小樽で歓迎の声…歴史的建物「銀鱗荘」で竜王戦第4局
「銀鱗荘」は、小樽港東端の平磯岬の高台に立つ老舗料亭・温泉旅館。似鳥靖季(はるき)総支配人(54)は「銀鱗荘は小樽の歴史の一部。これをきっかけに当館を知ってもらい、小樽全体が活気づいてくれればうれしい」と期待を寄せる。
銀鱗荘の旧本館は、ニシン漁で財を成した大網元、猪俣安之丞が1873年(明治6年)、余市町に建てた邸宅が前身。1900年、大規模改修が完了し、38年、現在地に移築され、翌年、旅館として開業した。
ニシンの群れを見張るための望楼のほか、75畳もの大広間や神棚、囲炉裏などを備えた豪壮な「ニシン御殿」の建築は、往時の繁栄を今に伝える。今年2月には、隣接するレストラン「グリル銀鱗荘」の建物とともに、国の登録有形文化財となり、昨年公開された映画「天間荘の三姉妹」のロケも行われた。
銀鱗荘は家具製造販売大手「ニトリ」が2018年に取得、子会社の「ニトリパブリック」が運営する。ニトリは第36期竜王戦の協賛社にも名を連ねた。

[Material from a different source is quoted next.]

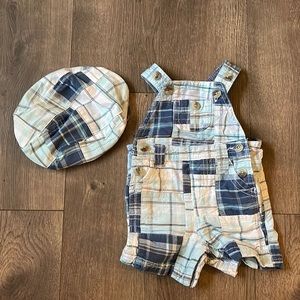 Old Navy Plaid Patchwork Overall Shorts and Hat - 0-3mos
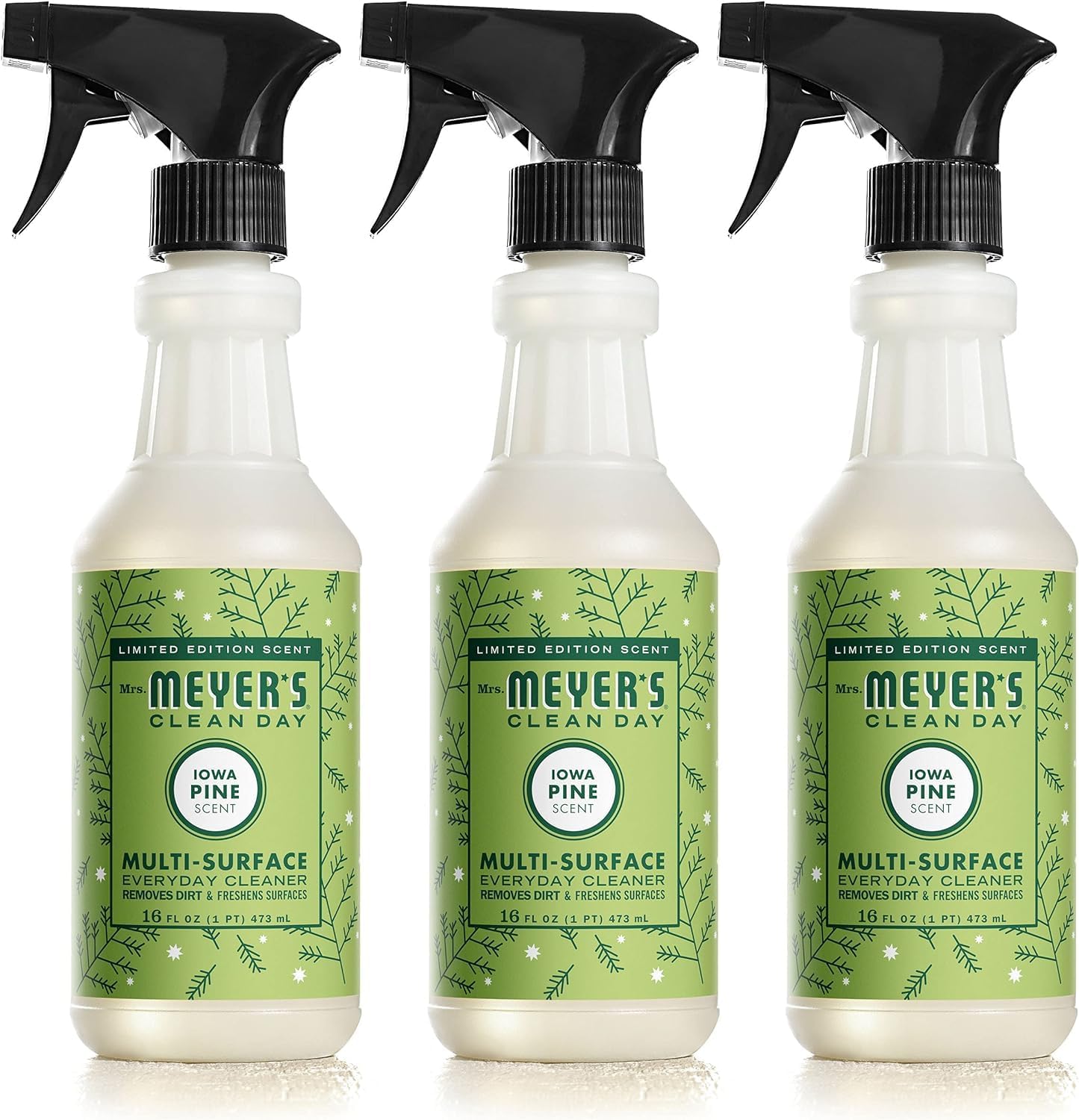 MRS. MEYER'S CLEAN DAY Multi-Surface Cleaner Spray, Cruelty Free Formula, Iowa Pine, 16 fl. Oz (Pack of 3)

対局室として検討されている、5階建ての新館最上階の特別和洋室「鶴」からは、石狩湾や小樽の中心市街地が一望できる。似鳥総支配人は「この歴史的な建物で、新しい世代の藤井竜王が対局するのは面白い取り合わせになる。対戦の合間に、眺望も楽しんでもらいたいですね」と語った。

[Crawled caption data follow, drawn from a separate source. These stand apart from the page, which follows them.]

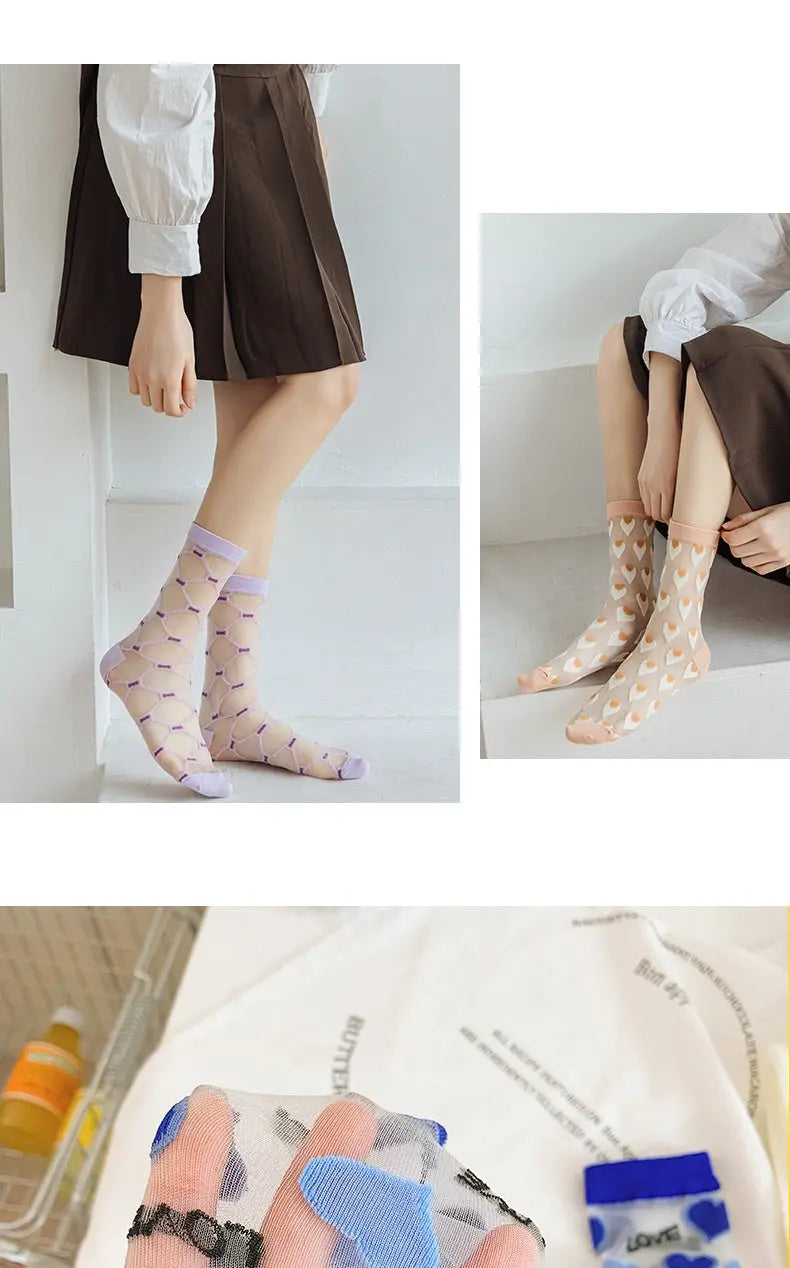 Crystasilk Sock Women's Mid Tube Stockings – Romantic Socks for Couples & Special Moments Cerise Max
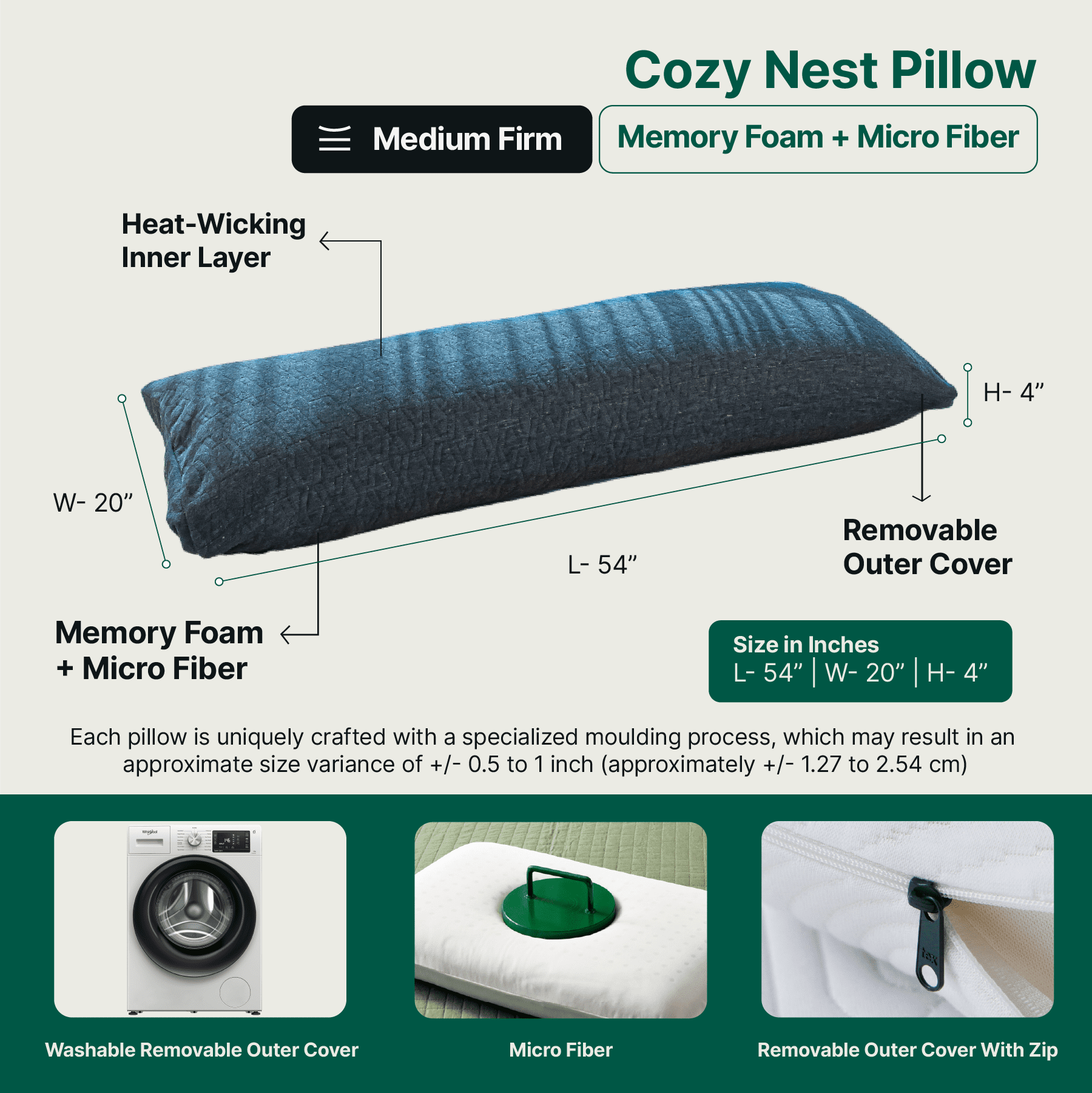 Haze - Memory Foam & Micro Fiber Full Body Pillow - Medium Firm Body Pillow The White Willow 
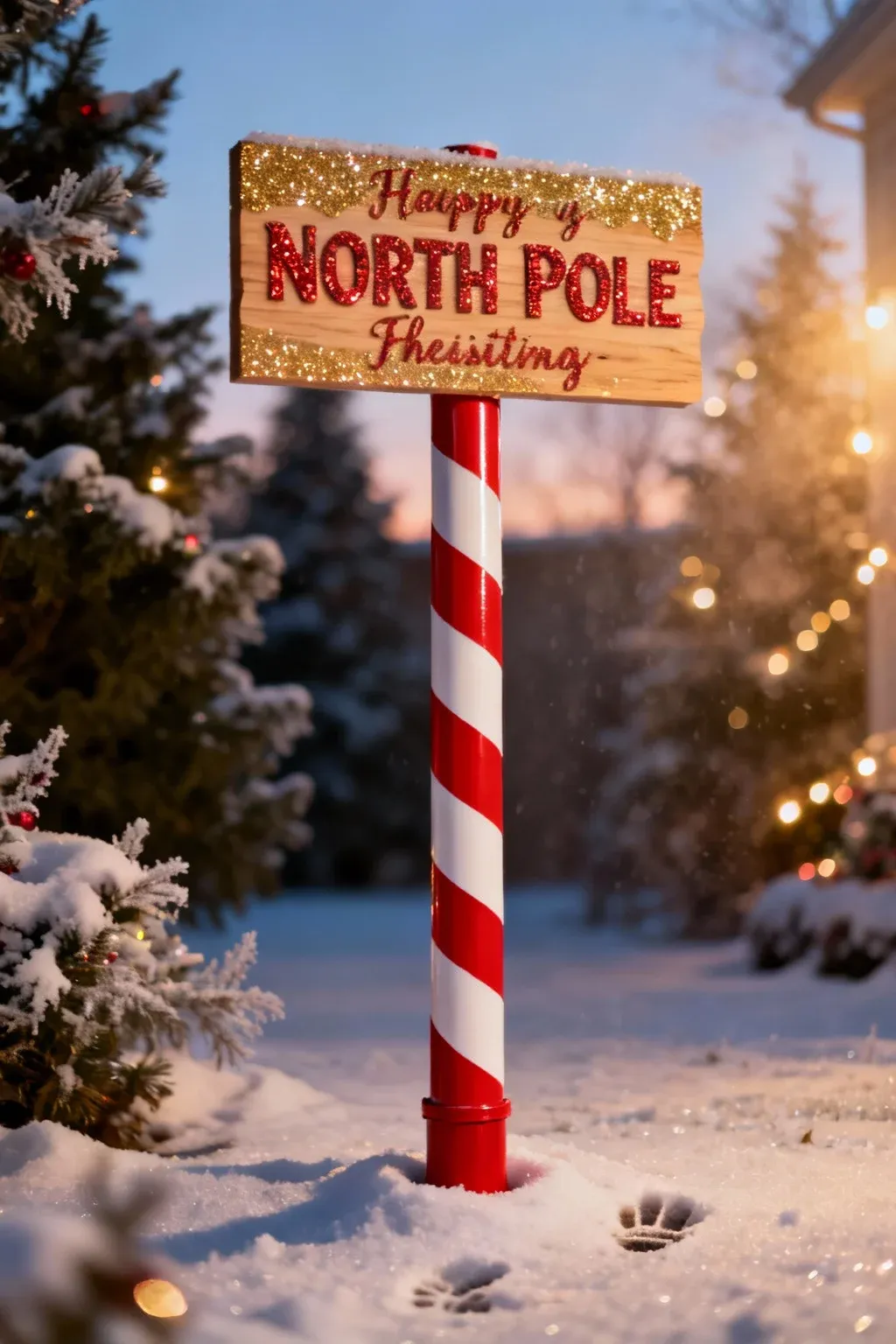 DIY North Pole holiday sign made from striped PVC pipe with glittered letters placed in snowy yard.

小樽商工会議所の中野豊会頭も「歴史と文化が息づく小樽にとって、将棋文化の醸成・発展と観光によるまちづくりの融合が期待できる絶好の機会」と評価。日本将棋連盟北海道支部連合会の山下弘人会長は「藤井竜王らを迎えて将棋界で最も重みのあるタイトル戦を小樽で開催できれば、地元ファンはドキドキ、ワクワクした気持ちになる。コロナ禍で冷めかけた将棋熱に再び火がつくきっかけになれば」と胸を躍らせた。